Bengaluru: Researchers at the Jawaharlal Nehru Centre for Advanced Scientific Research (JNCASR) in Bengaluru have synthesised a material that exhibits the properties of both glass and metal and can efficiently convert waste heat to electricity.

The innovation is a significant step forward in ongoing efforts to develop sustainable and environmentally acceptable energy alternatives.

Thermoelectric materials, with their ability to transfer waste heat into useful electricity, are critical to these efforts. Maximising this efficiency to convert energy, however, depends on careful optimisation of both thermal and electrical transport characteristics.

In a recent research paper published in Advanced Materials, Professor Kanishka Biswas from JNCASR’s New Chemistry Unit and his research team presented a material that exhibits metal-like electrical conductivity and glass-like low thermal conductivity, which has never been reported earlier.

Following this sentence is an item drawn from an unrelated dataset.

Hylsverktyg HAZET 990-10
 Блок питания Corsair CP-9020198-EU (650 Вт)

The study focuses on synthesising a crystalline material named ytterbium (Yb) doped AgSbTe2, demonstrating unique characteristics in heat and electron transport.

The researchers achieved this by introducing embedded intrinsic nanostructures within the compound. These nanostructures proved effective as heat blockers, selectively allowing the passage of electron waves. The Department of Science and Technology said in a statement that this dual functionality opened possibilities for energy efficiency, particularly in thermoelectric energy conversion.

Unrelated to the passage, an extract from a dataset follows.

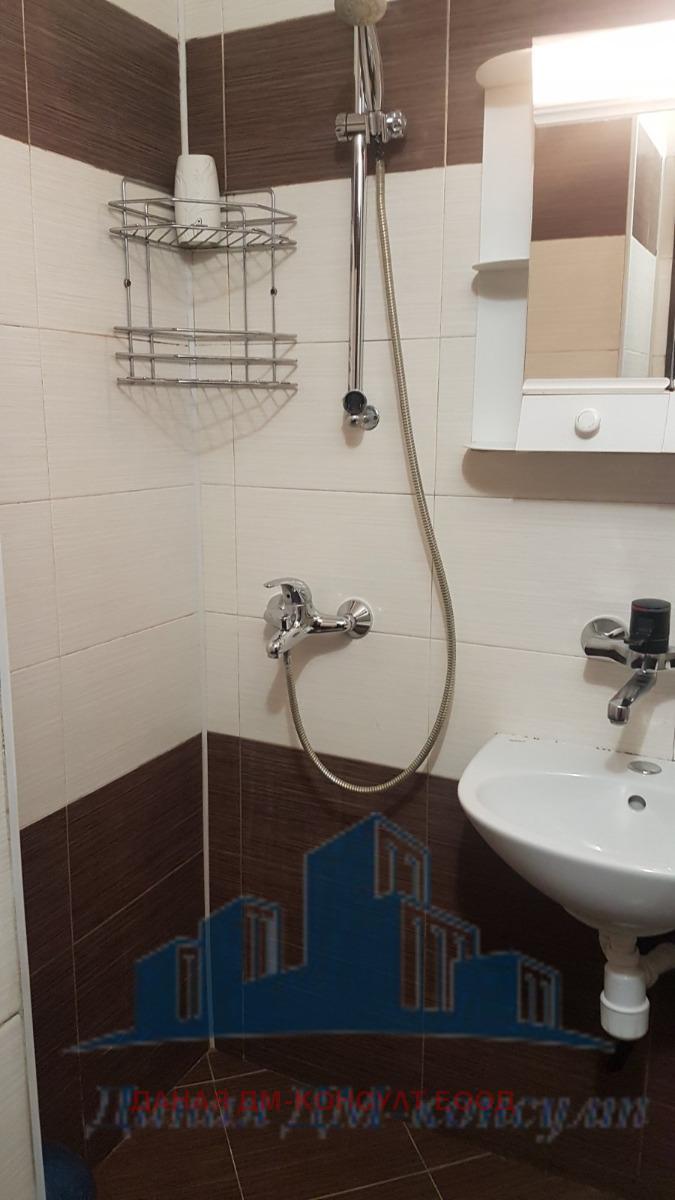 ���� ��� ���� 3-����� | Imot.bg � ����������� 9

"While metals such as copper are excellent conductors of both electricity and heat, the newly synthesised material defies this norm by exhibiting metal-like conductivity for electricity, but glass-like behaviour for heat, which is a rare and fascinating result,” Prof Biswas said.

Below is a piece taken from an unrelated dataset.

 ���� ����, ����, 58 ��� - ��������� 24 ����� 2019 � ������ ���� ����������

The research can help advance processes in thermoelectric energy conversion, where waste heat from sources like industrial processes in power plants, households and vehicle exhausts can be converted into electricity.

The team has made, as a proof-of-concept, a two-leg device with the material at a ~9% efficiency. The challenge will be in scaling up the device for practical applications. Prof Biswas said a robust semiconductor industry was critical to the mass production of devices based on this material.